Se organizó en once bloques temáticos coherentes, que permitieron al público transitar desde el respeto por la tercera edad y los proyectos de inclusión social, hasta la excelencia estética de las agrupaciones de élite
La mítica Carrera 44 se transformó en un río humano de tradición viva. Bajo el cielo de una noche barranquillera, cerca de 20.000 participantes protagonizaron un homenaje monumentala los bailes cantados, rescatando la raíz primigenia de una fiesta que no solo celebra el presente, sino que custodia un pasado glorioso.
El despliegue de un río folclórico
El desfile nocturno más emblemático del precarnaval marcó su inicio con una puesta en escena impecable. No fue un simple tránsito de comparsas; fue una conexión profunda con la esencia del Caribe. Un total de 197 grupos folclóricos y una variopinta muestra de 150 disfraces individuales inundaron la vía. La atmósfera se tornó mas alegre con el regreso de 27 grupos de tradición, ganadores del prestigioso Congo de Oro, cuya presencia otorgó un sello de autenticidad histórica al evento.
La música, ese motor vibrante de la identidad costeña, contó con un despliegue formidable: más de 25 orquestas y agrupaciones en vivo marcaron el pulso frenético de la jornada.
“El desfile contó con gran despliegue logístico, garantizando la seguridad y el correcto desarrollo del evento gracias a una articulación integral con las autoridades”, manifestó el director de Carnaval de Barranquilla, Juan José Jaramillo, quien además explicó que, para llevar a cabo este evento, la operación incluyó 645 operadores logísticos, 455 operadores de seguridad, cuatro máquinas de bomberos, 30 miembros del cuerpo de bomberos, 350 socorristas, 10 ambulancias, además de 6.700 vallas de contención, 650 metros de malla escalonada y 350 metros de muros de contención.
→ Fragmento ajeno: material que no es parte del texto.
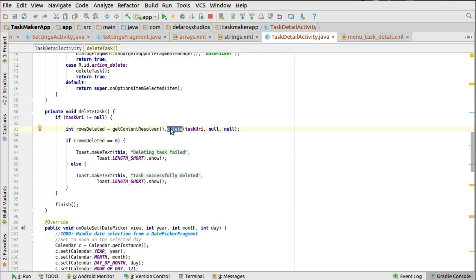In the deleteTax method we set the task URL which is the intent passed to the detail activity. At this point you call getContentResolver to communicate with the content provider, and trigger the delete method. We've implemented the full implementation in the content provider — we've used read, create, and update in the main activity, and now we use the delete method. You pass the task URL as a parameter, return the rows deleted, and check if the rows deleted equals zero to confirm whether deletion succeeded or failed.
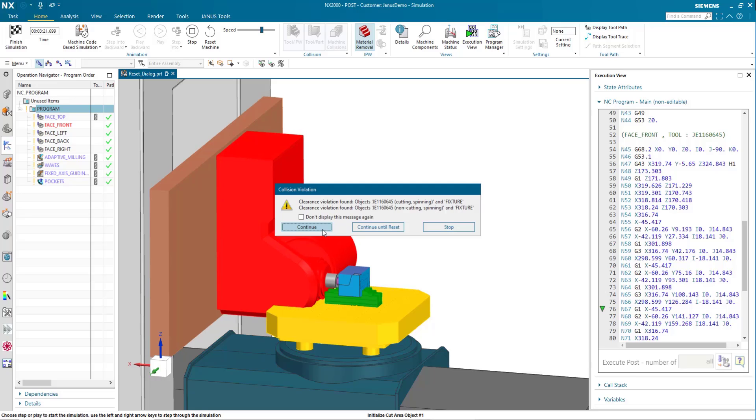Instead of doing this, you might click the box that says don't display this message again. And when I do, this message will never come up.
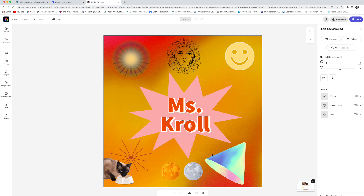All right, boys and girls — my project is done. Up here you can download it to your computer. It is also saved automatically — do you see this little cloud up here? It says 'Saved.' Your document is being saved as you work.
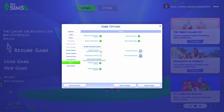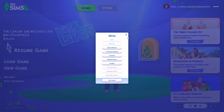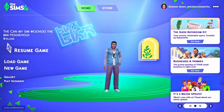Then you just need to click 'Enable Custom Content and Mods' and click OK. Your script mods allowed will be enabled automatically as soon as you enable custom content and mods. Then you just need to click 'Apply Changes' and close the window. Now you need to exit out of your game and go back in, and your mods should be enabled.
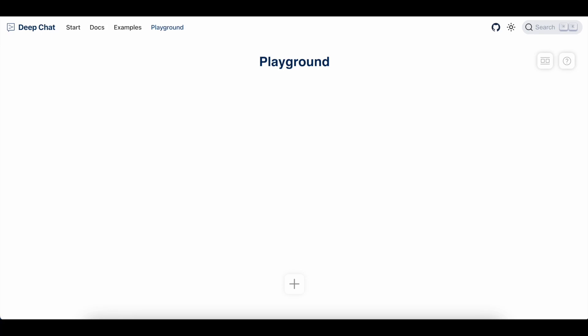Hi, and welcome to the demonstration video for DeepChat's Playground. This is a space where you can create and use DeepChat components without writing any code.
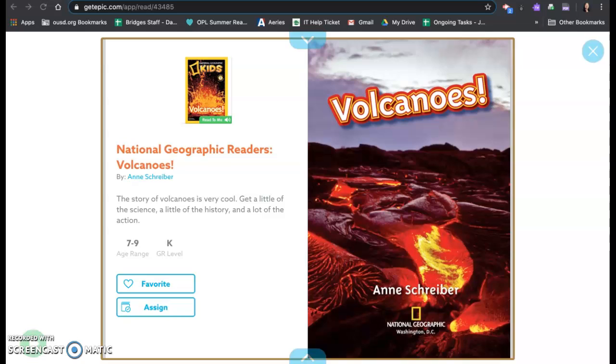Happy Friday Bridges Scholars! Today we will be reading National Geographic Readers Volcanoes by Ann Schreiber. This is a story of volcanoes and it's really cool, so let's learn about volcanoes and this will get you ready for today's virtual field trip to Crater Lake, Oregon.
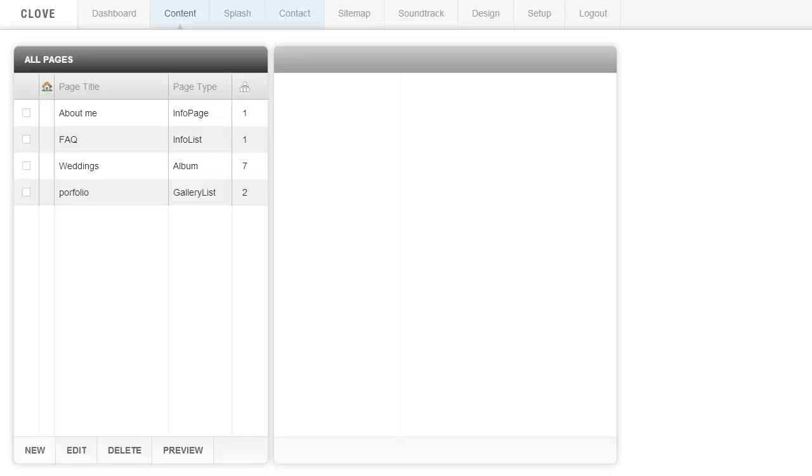Hey everybody, this video is going to talk to you about selecting a home page. So the first thing to understand is that if you set up a splash page, the splash page is going to be the first thing you see.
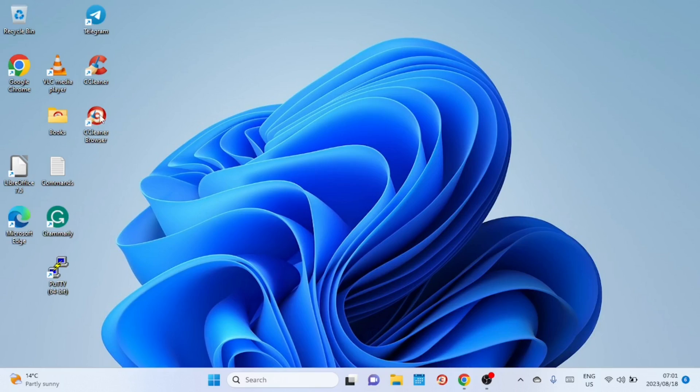As you can see, I can't click or highlight any icon on the desktop. Even if I try to double click on them, they are not responding.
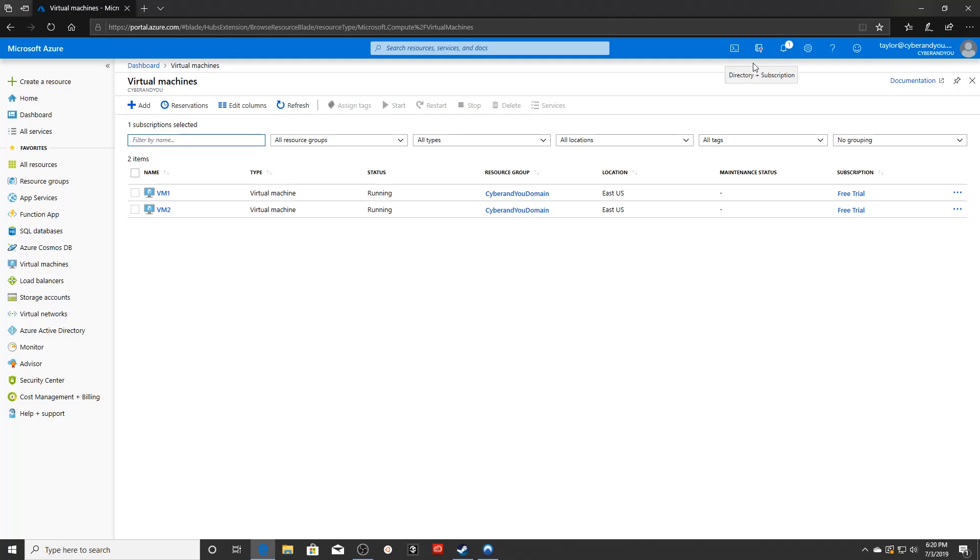In today's tutorial, I'm going to show you how to set up your own domain controller using Windows Server 2019. But we're actually going to be utilizing Microsoft Azure.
Protagonistas de una noche mágica
El momento más sublime se vivió con la aparición de la soberana, Michelle Char Fernández. La Reina del Carnaval desfiló envuelta en el majestuoso traje ‘Aquí suena Rosa’. Esta pieza, una fantasía onírica inspirada en el bullerengue, resaltó la creatividad desbordante de los estudiantes de Diseño de Modas de la Universidad Autónoma del Caribe.
Por su parte, el Rey Momo, Adolfo Maury, cautivó a la multitud con un tributo conmovedor a ‘María Moñitos’, un personaje entrañable vinculado a su propia genealogía y a la centenaria danza del Congo Grande. En paralelo, la inocencia radiante de los Reyes del Carnaval de los Niños, Joshua Ortiz y Sharon Acosta, rindió honores a los indios de Trenza Chimila, asegurando el relevo generacional de esta herencia invaluable.
La Guacherna 2026 se organizó en once bloques temáticos coherentes, que permitieron al público transitar desde el respeto por la tercera edad y los proyectos de inclusión social, hasta la excelencia estética de las agrupaciones de élite.
La modernidad también reclamó su espacio: a través de una transmisión impecable vía streaming por Telecaribe y plataformas sociales, la fiesta alcanzó una audiencia global, proyectando la riqueza patrimonial de Barranquilla al mundo entero.
Este evento, consolidado como la antesala del Carnaval (que se celebrará del 14 al 17 de febrero), reafirmó que la Guacherna es, por encima de todo, un acto de amor colectivo por la cultura colombiana.